He was describing one of the latest in a surging wave of Russian drone strikes that are rattling infrastructure, towns, and cities across Ukraine, including – as of late – the very downtown area of the country’s capital.
Petro, whose last name is not being revealed due to his advisory role in Ukraine’s war effort against Russia’s full-scale invasion now in its third year, continued, saying: “A week ago, I saw two of them at the same time. They were a little bit higher than this time.”
The Shahed kamikaze drones he was referring to are designed and built in Iran, an ally of Russia in its war against Ukraine.
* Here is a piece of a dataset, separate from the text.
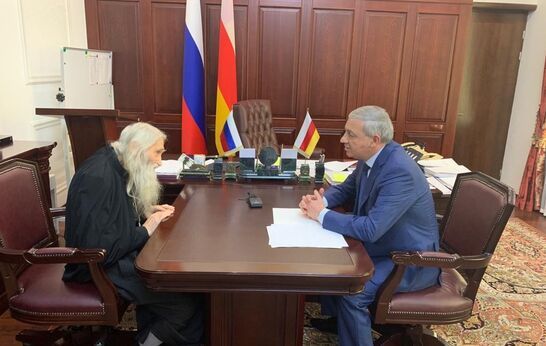 Схиархимандрит Илий (Ноздрин) и руководитель проекта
They have been supplied in large numbers by Tehran to Moscow and account for the majority of Russia’s strike drone capabilities. Russia is also producing them locally on its turf.
“What surprises me is that they make it to the downtown area quite often now. It was a rare occasion earlier in the war, but now it’s pretty much every night … so many of them flying at such low altitudes,” Petro said.
He spoke with the Kyiv Independent one day after a Russian drone crashed into the top floor of Jack House, a skyscraper apartment building in Kyiv’s centrally located Pecherskyi District, sending a European diplomat residing there for cover.
“Early yesterday, the building where Estonian ambassador Annely Kolk lives in Kyiv was hit by a Russian drone … She was lucky not to be harmed,” the Estonian Foreign Minister, Margus Tsahna, said in a Nov. 8 post on social media platform X.
“No one is safe in Ukraine until Russia stops its aggression. Ukraine needs more air defense to protect its residents. We must not get used to this,” he added.
While hearing explosions from drones being intercepted or hitting targets on city outskirts has been a common overnight occurrence in the past two years, hearing their buzzing sound in downtown Kyiv is a sign that they – by their sheer higher numbers – are now getting through multiple layers of air defenses.
President Volodymyr Zelensky said early this week that Russia had launched 500 Shahed-type drones across the country since late October, targeting civilian and critical infrastructure.
Kyiv faced one of the longest air raids in recent months overnight on Nov. 2. On that Saturday, after a long working week, the Ukrainian capital was under mass drone attack for five hours straight. Although none of the drones hit their target, their debris still caused much damage across the city.
The Ukrainian capital has always been one of the most coveted trophies for Russia. Having failed the assault to capture Kyiv at the beginning of the full-scale invasion, Moscow continues to terrorize the city in other ways, including with drones.
The last large-scale missile attack on Kyiv took place back in September, but Russia has changed its tactics and is now depleting Ukraine’s air defense with much cheaper unmanned aerial vehicles (UAVs).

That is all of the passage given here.